WARTAMU.ID, Jakarta – Pendekatan restorative justice atau keadilan restoratif kini menjadi langkah progresif dalam upaya reformasi hukum di Indonesia. Konsep ini membawa perubahan paradigma dalam sistem peradilan dengan menekankan pemulihan hubungan antara pelaku, korban, dan masyarakat, bukan sekadar penghukuman.
Affandi Affan, SH, MH, CTA, seorang praktisi hukum sekaligus Sekretaris PP Pemuda Muhammadiyah, menegaskan bahwa restorative justice adalah kunci dalam menjawab tantangan keadilan hukum di Indonesia. “Pendekatan ini menciptakan keseimbangan yang diperlukan antara hak korban, tanggung jawab pelaku, dan kebutuhan masyarakat. Dengan restorative justice, kita tidak hanya menyelesaikan perkara, tetapi juga membangun kembali harmoni sosial yang rusak akibat tindak pidana,” jelas Affandi.
Penerapan restorative justice memiliki landasan hukum yang kokoh.
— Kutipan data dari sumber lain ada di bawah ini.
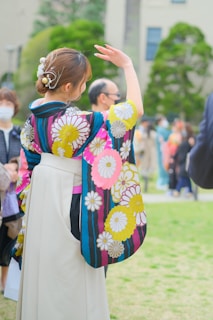 A person wearing a colorful kimono with floral patterns stands outdoors in a grassy area. The kimono features vibrant colors such as pink, yellow, and blue with large flower designs. The individual's hair is neatly styled with decorative hairpieces. A crowd of other people can be seen in the background, some wearing masks and traditional clothing.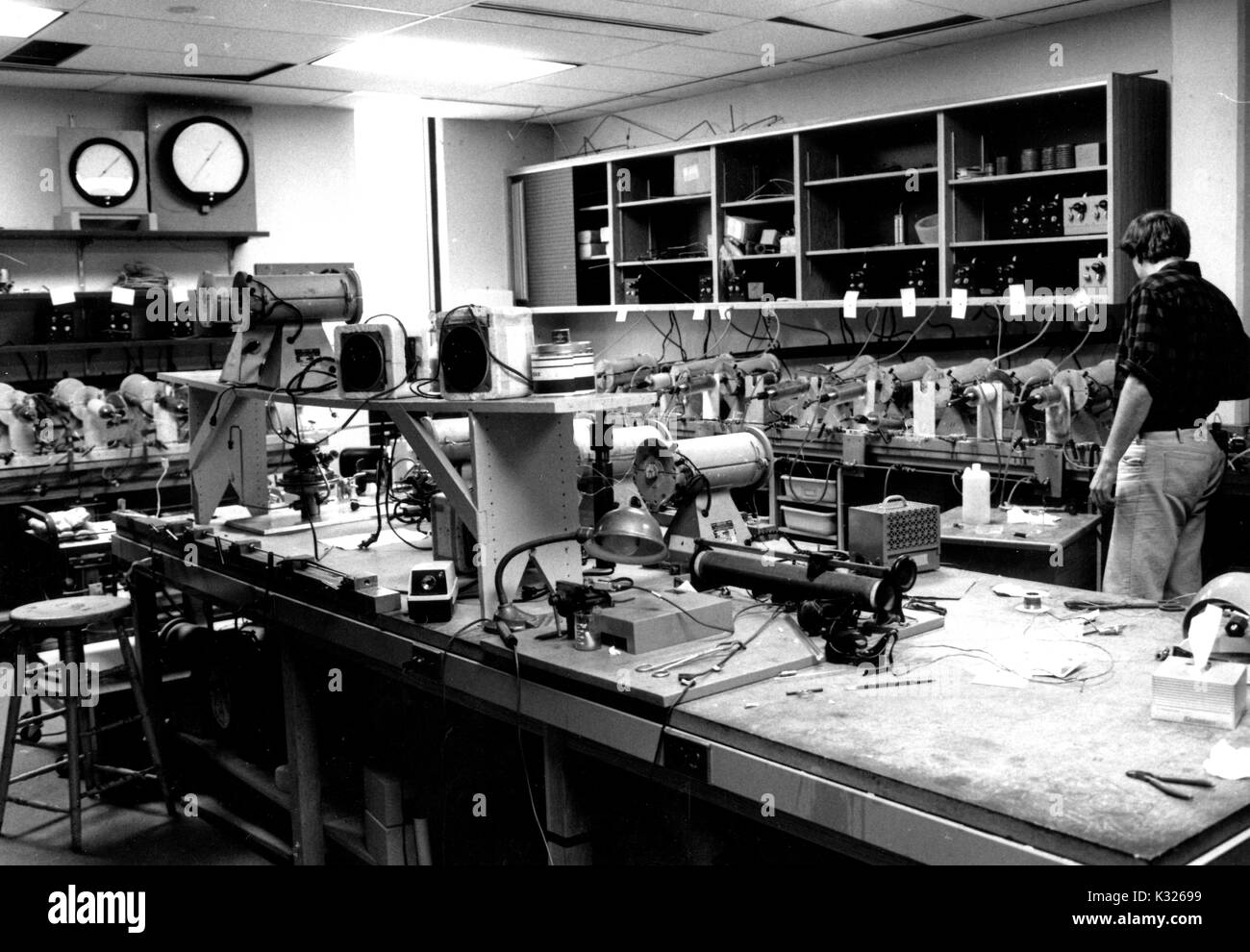 Inside the Experimental Petrology Laboratory inside Olin Hall -- the Earth and Planetary Science building at Johns Hopkins University -- Hans Eugster, an internationally known geochemist and long time professor of geology at Johns Hopkins, works alone in a room full of equipment and wires, Baltimore, Maryland, 1986. Stock Photo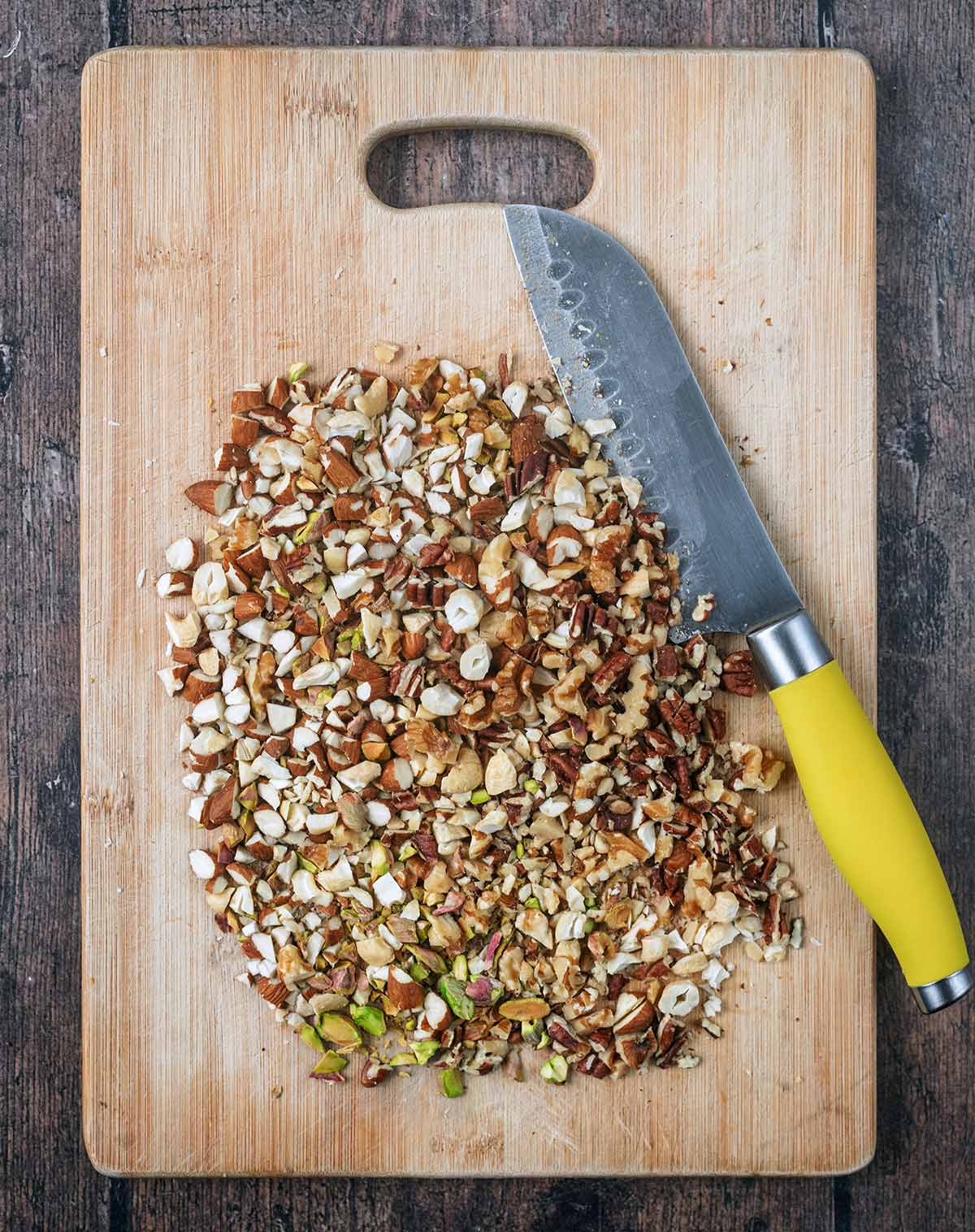 Chopped nuts and a knife on a wooden chopping board.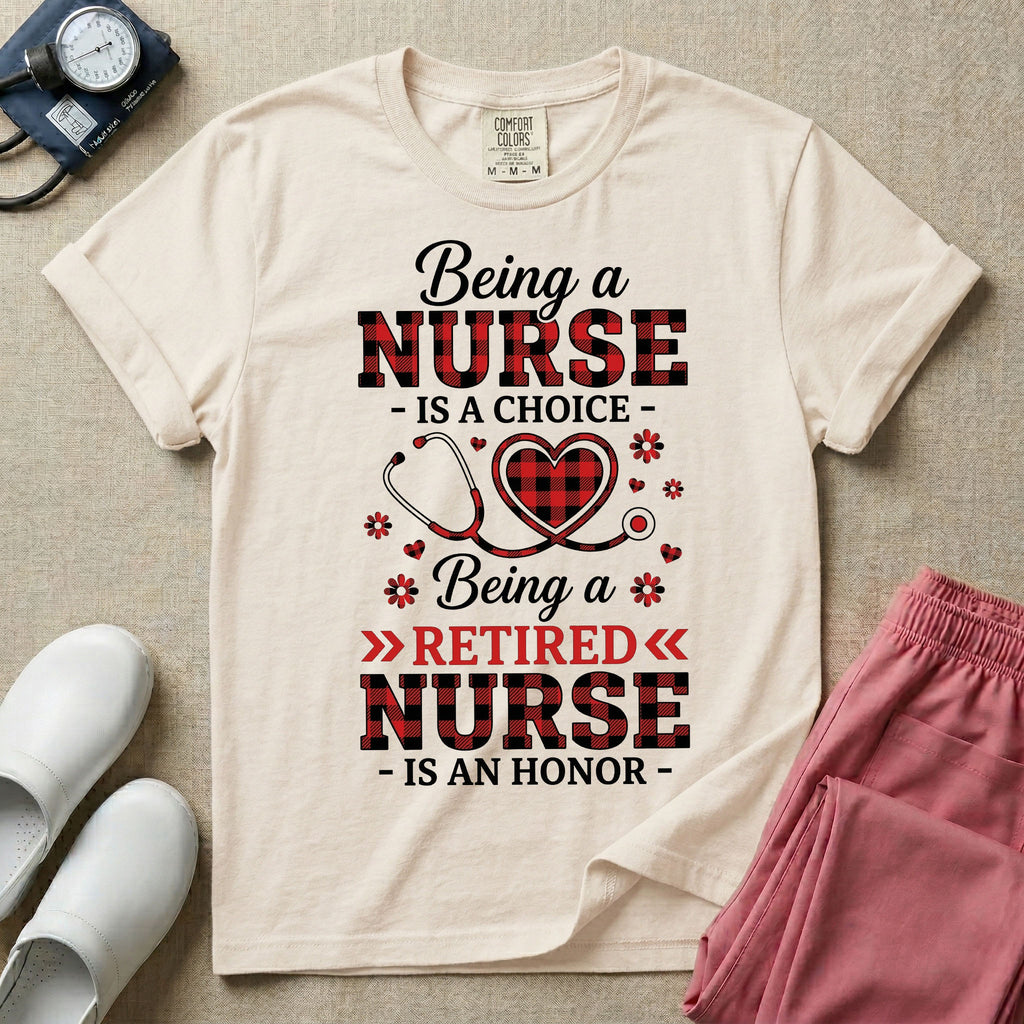 A t-shirt featuring the text Being a NURSE IS A CHOICE Being a RETIRED NURSE IS AN HONOR surrounding a central graphic of a red and black buffalo plaid heart intertwined with a stethoscope.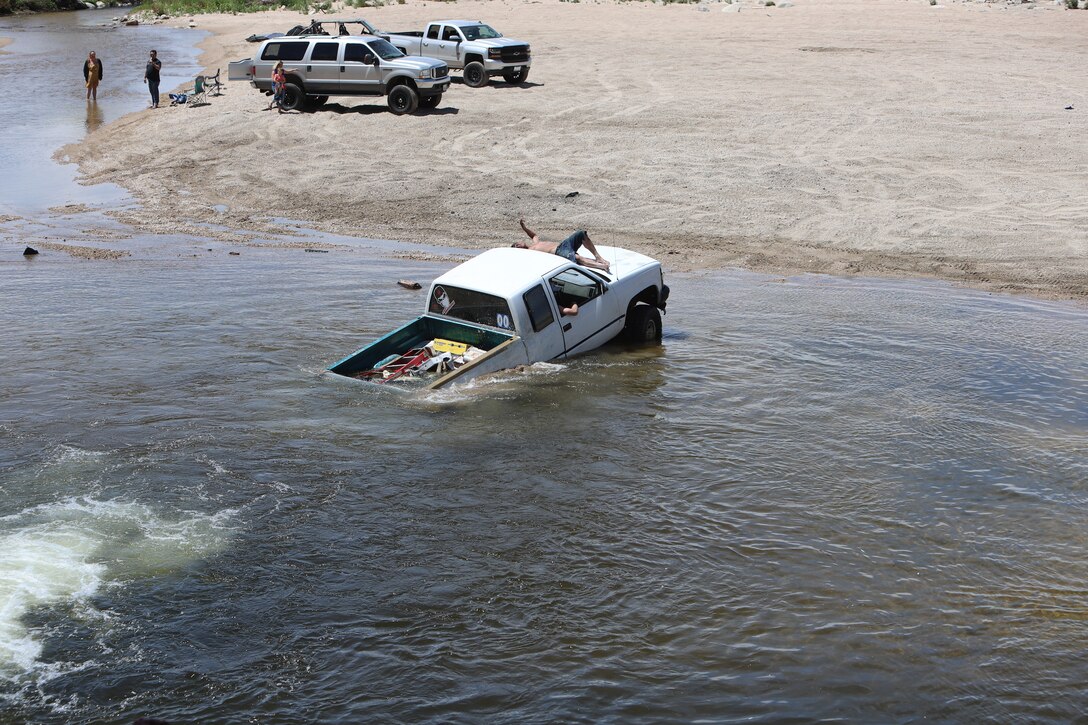 Driver of this vehicle awaits help from other drivers after becoming submerged in the Mojave River Dam's outlet May 17.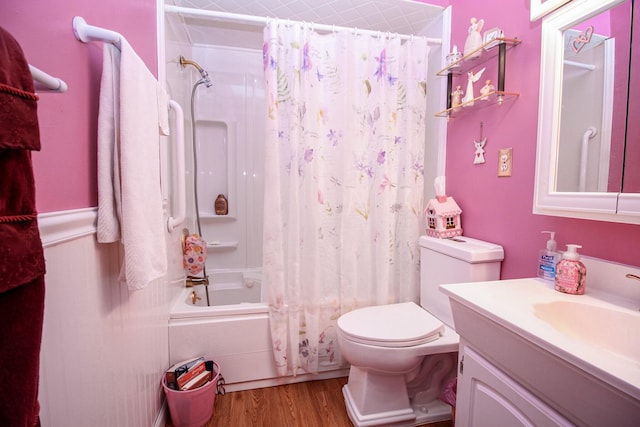 full bathroom with shower / bath combo with shower curtain, vanity, hardwood / wood-style floors, and toilet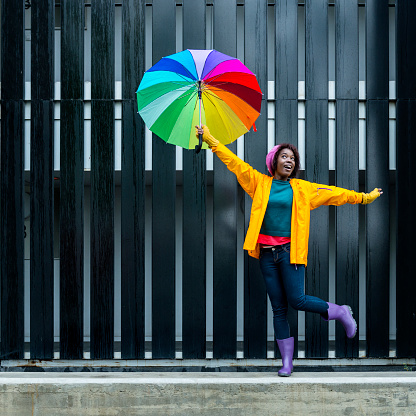 Playful young girl with a colorful umbrella in the city.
Beberapa peraturan penting yang mendukung pendekatan ini antara lain:
- Kitab Undang-Undang Hukum Pidana (KUHP)
- Pasal 184 ayat (1) memungkinkan hakim mempertimbangkan penyelesaian konflik melalui perdamaian antara pelaku dan korban, khususnya dalam kasus tindak pidana ringan.
- Peraturan Kejaksaan RI No. 15 Tahun 2020
- Pasal 8 ayat (2) memungkinkan penghentian penuntutan jika pelaku dan korban mencapai kesepakatan damai. Pendekatan ini bertujuan memulihkan hubungan dengan syarat kerugian telah diperbaiki.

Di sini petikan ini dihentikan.